The third confirmation was God just showing off. Rewind to that Sunday. While God was opening up the flood gates and revealing His plans for us, I listed out ALL of my questions. ALL of my worries. ALL of my concerns. It was a moment of “I know you are God, but have you thought about XYZ?” I’m sure everyone has these moments, right? As if God hasn’t thought of it all. After I wrote my list, I told God “okay, all of these concerns and doubts are yours.” I told nobody about my list, not even Steven when we talked.

Part of my job in high school ministry was helping on ministry nights. My main focus was logistics and taking care of the volunteers. I thrived in this. It was the highlight of my week. At that time, only a handful of people knew about my desire to foster. On that particular night, I was running around as usual. In the middle of the chaos, a volunteer stopped me. She was crying. It threw me off. I wasn’t sure what was going on. Did she have an emergency?

Then she looked at me and said, "I have a word from God to give you. You might think I’m crazy, but I can’t shake the feeling that you NEED to hear this. God hears your heart. He hears the doubts you have written down. He knows the concerns you have BUT HE HAS YOU! The odds are against you, but He is bigger than the odds.”

As soon as she started talking about my list and doubts I knew her words came straight from the Lord. She didn’t know anything about what God was stirring in my heart. She had no idea how much her words impacted me that night. I walked away from that night knowing that my time in high school ministry was soon coming to an end.

In case I needed MORE confirmation - my mom invited me to see the movie Mully with her and my dad. Steven was working that night, so I went. It was a movie about orphans in Africa. I was already super emotional with how God was stirring my heart. I walked in doubting that a movie about Africa was going to effect me the way it did. In short, the story is about a man who came from nothing, worked incredibly hard, and had faith in God as he became a millionaire. When this man saw street beggars, he sold EVERYTHING he had to take care of orphans and neglected children. God used his family in miraculous ways! Go watch the movie trailer here! You won’t regret it. Just make sure you grab tissues!

During the movie end credits, statistics roll about orphans in foster care in THE UNITED STATES! *insert water works* God pressed so hard on me. This was it. Mully made me recognize the need and significance of what God was calling our family into. I left the movie theater in tears thinking about what God was stirring. I prayed that God would speak to Steven.

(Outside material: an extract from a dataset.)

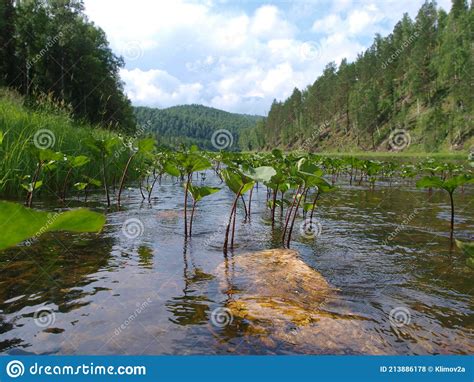 Wild River Sukhoi Pit In The Siberian Taiga Stock Photo Image Of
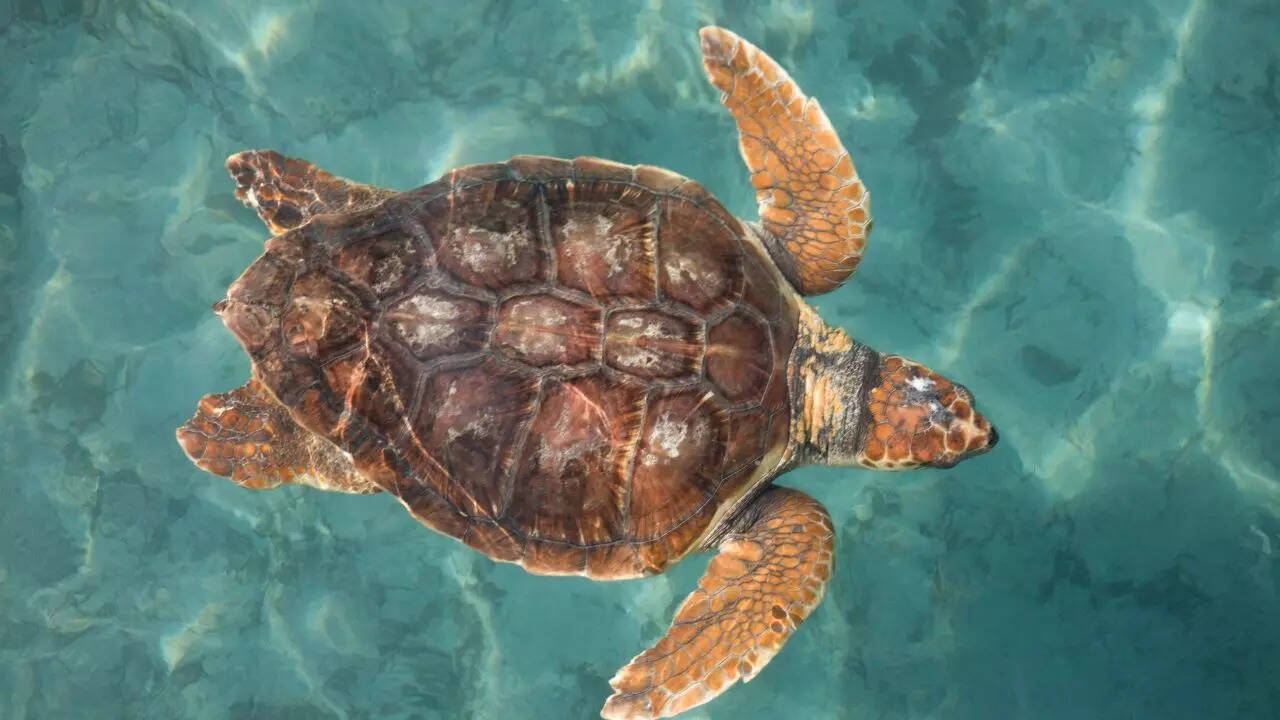 Turtle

I was miles ahead of Steven on the foster train. I was not going to dive into this until Steven was caught up. The following Sunday, Steven and I attended a small info meeting with a local foster placing agency. We learned about how foster families are supported – GAME CHANGER! They taught us statistics: how many kids are need, how foster care is linked to sex trafficking, how to best care for foster children, etc.

All I could think was, "What dotted line do I need to sign so you can give me a baby!?" Steven had a different experience. This was the moment God spoke to him. We live in a little ranch home with 2 spare, unused bedrooms. God led Steven to ask, "What is our capacity? Are we using all of the resources we have been blessed with?” We had love in our hearts to give. We had been waiting for a year for God to give us children and the love was building in our hearts. We were about to explode.

We left the meeting and headed to lunch. We drove in silence. Steven asked me to play worship music while he processed. He couldn’t talk. Elephant tears rolled down his face. All he could muster to say was, “Yes. God is breaking my heart."

I had no clue what any of that meant...I did what any wife would do – I texted my mom Carolyn “IT’S WORKING! Keep praying!”

After Steven, Carolyn is my best friend. She knew what God was calling Steven and me to do. She’s a prayer warrior and had been praying for us during our meeting. We pulled into lunch and Steven cried harder. I smiled bigger. Steven and I were on the same page. On the same car of the same train.

We prayed together, hand-in-hand. Me smiling and laughing. Steven crying. We were in full surrender and walking towards foster care.